TASK GOAL — Every entry is to be set down a second time, precisely as written.

PROVIDED ENTRIES —

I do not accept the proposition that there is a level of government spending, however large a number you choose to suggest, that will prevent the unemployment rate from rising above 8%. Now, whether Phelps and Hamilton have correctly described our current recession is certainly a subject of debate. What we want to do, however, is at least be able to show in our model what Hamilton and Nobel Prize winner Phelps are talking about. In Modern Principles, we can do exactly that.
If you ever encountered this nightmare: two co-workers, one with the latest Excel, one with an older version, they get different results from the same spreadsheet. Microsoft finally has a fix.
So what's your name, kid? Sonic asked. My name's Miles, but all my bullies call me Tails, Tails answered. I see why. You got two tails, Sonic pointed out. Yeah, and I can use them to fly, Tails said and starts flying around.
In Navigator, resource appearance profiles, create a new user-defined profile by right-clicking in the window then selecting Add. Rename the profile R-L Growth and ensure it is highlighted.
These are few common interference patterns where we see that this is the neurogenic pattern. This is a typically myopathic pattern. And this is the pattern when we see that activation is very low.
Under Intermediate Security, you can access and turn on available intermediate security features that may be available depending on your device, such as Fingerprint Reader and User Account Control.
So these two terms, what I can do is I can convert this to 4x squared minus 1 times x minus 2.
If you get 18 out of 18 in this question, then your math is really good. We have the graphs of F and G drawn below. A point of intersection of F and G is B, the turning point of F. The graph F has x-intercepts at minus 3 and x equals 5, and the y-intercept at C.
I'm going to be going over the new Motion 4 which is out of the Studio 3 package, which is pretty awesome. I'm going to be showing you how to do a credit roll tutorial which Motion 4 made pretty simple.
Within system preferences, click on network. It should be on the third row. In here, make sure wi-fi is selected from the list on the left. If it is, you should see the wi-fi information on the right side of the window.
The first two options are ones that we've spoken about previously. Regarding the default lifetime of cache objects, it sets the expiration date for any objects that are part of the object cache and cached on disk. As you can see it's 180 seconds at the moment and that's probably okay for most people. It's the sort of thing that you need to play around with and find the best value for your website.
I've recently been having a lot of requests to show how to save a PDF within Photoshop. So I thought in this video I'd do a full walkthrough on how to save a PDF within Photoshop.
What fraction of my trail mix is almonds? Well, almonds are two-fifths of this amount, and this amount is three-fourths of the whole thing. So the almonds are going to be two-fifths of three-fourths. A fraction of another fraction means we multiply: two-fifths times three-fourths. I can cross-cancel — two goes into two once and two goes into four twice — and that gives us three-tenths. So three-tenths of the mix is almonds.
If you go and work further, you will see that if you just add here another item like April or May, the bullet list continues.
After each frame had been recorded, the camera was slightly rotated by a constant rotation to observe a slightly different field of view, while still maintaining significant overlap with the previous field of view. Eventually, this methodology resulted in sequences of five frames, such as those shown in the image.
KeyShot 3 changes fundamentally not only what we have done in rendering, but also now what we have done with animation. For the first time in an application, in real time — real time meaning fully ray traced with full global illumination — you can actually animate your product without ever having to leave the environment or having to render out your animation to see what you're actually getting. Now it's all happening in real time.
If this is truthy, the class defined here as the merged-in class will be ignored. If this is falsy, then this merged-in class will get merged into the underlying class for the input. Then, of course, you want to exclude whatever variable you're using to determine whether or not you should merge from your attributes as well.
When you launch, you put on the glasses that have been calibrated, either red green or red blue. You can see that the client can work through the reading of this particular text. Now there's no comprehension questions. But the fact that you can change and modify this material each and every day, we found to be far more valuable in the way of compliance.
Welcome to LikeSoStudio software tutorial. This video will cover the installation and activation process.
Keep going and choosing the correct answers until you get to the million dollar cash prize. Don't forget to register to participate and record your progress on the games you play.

RESPONSE FOR THIS EXERCISE —
I do not accept the proposition that there is a level of government spending, however large a number you choose to suggest, that will prevent the unemployment rate from rising above 8%. Now, whether Phelps and Hamilton have correctly described our current recession is certainly a subject of debate. What we want to do, however, is at least be able to show in our model what Hamilton and Nobel Prize winner Phelps are talking about. In Modern Principles, we can do exactly that.
If you ever encountered this nightmare: two co-workers, one with the latest Excel, one with an older version, they get different results from the same spreadsheet. Microsoft finally has a fix.
So what's your name, kid? Sonic asked. My name's Miles, but all my bullies call me Tails, Tails answered. I see why. You got two tails, Sonic pointed out. Yeah, and I can use them to fly, Tails said and starts flying around.
In Navigator, resource appearance profiles, create a new user-defined profile by right-clicking in the window then selecting Add. Rename the profile R-L Growth and ensure it is highlighted.
These are few common interference patterns where we see that this is the neurogenic pattern. This is a typically myopathic pattern. And this is the pattern when we see that activation is very low.
Under Intermediate Security, you can access and turn on available intermediate security features that may be available depending on your device, such as Fingerprint Reader and User Account Control.
So these two terms, what I can do is I can convert this to 4x squared minus 1 times x minus 2.
If you get 18 out of 18 in this question, then your math is really good. We have the graphs of F and G drawn below. A point of intersection of F and G is B, the turning point of F. The graph F has x-intercepts at minus 3 and x equals 5, and the y-intercept at C.
I'm going to be going over the new Motion 4 which is out of the Studio 3 package, which is pretty awesome. I'm going to be showing you how to do a credit roll tutorial which Motion 4 made pretty simple.
Within system preferences, click on network. It should be on the third row. In here, make sure wi-fi is selected from the list on the left. If it is, you should see the wi-fi information on the right side of the window.
The first two options are ones that we've spoken about previously. Regarding the default lifetime of cache objects, it sets the expiration date for any objects that are part of the object cache and cached on disk. As you can see it's 180 seconds at the moment and that's probably okay for most people. It's the sort of thing that you need to play around with and find the best value for your website.
I've recently been having a lot of requests to show how to save a PDF within Photoshop. So I thought in this video I'd do a full walkthrough on how to save a PDF within Photoshop.
What fraction of my trail mix is almonds? Well, almonds are two-fifths of this amount, and this amount is three-fourths of the whole thing. So the almonds are going to be two-fifths of three-fourths. A fraction of another fraction means we multiply: two-fifths times three-fourths. I can cross-cancel — two goes into two once and two goes into four twice — and that gives us three-tenths. So three-tenths of the mix is almonds.
If you go and work further, you will see that if you just add here another item like April or May, the bullet list continues.
After each frame had been recorded, the camera was slightly rotated by a constant rotation to observe a slightly different field of view, while still maintaining significant overlap with the previous field of view. Eventually, this methodology resulted in sequences of five frames, such as those shown in the image.
KeyShot 3 changes fundamentally not only what we have done in rendering, but also now what we have done with animation. For the first time in an application, in real time — real time meaning fully ray traced with full global illumination — you can actually animate your product without ever having to leave the environment or having to render out your animation to see what you're actually getting. Now it's all happening in real time.
If this is truthy, the class defined here as the merged-in class will be ignored. If this is falsy, then this merged-in class will get merged into the underlying class for the input. Then, of course, you want to exclude whatever variable you're using to determine whether or not you should merge from your attributes as well.
When you launch, you put on the glasses that have been calibrated, either red green or red blue. You can see that the client can work through the reading of this particular text. Now there's no comprehension questions. But the fact that you can change and modify this material each and every day, we found to be far more valuable in the way of compliance.
Welcome to LikeSoStudio software tutorial. This video will cover the installation and activation process.
Keep going and choosing the correct answers until you get to the million dollar cash prize. Don't forget to register to participate and record your progress on the games you play.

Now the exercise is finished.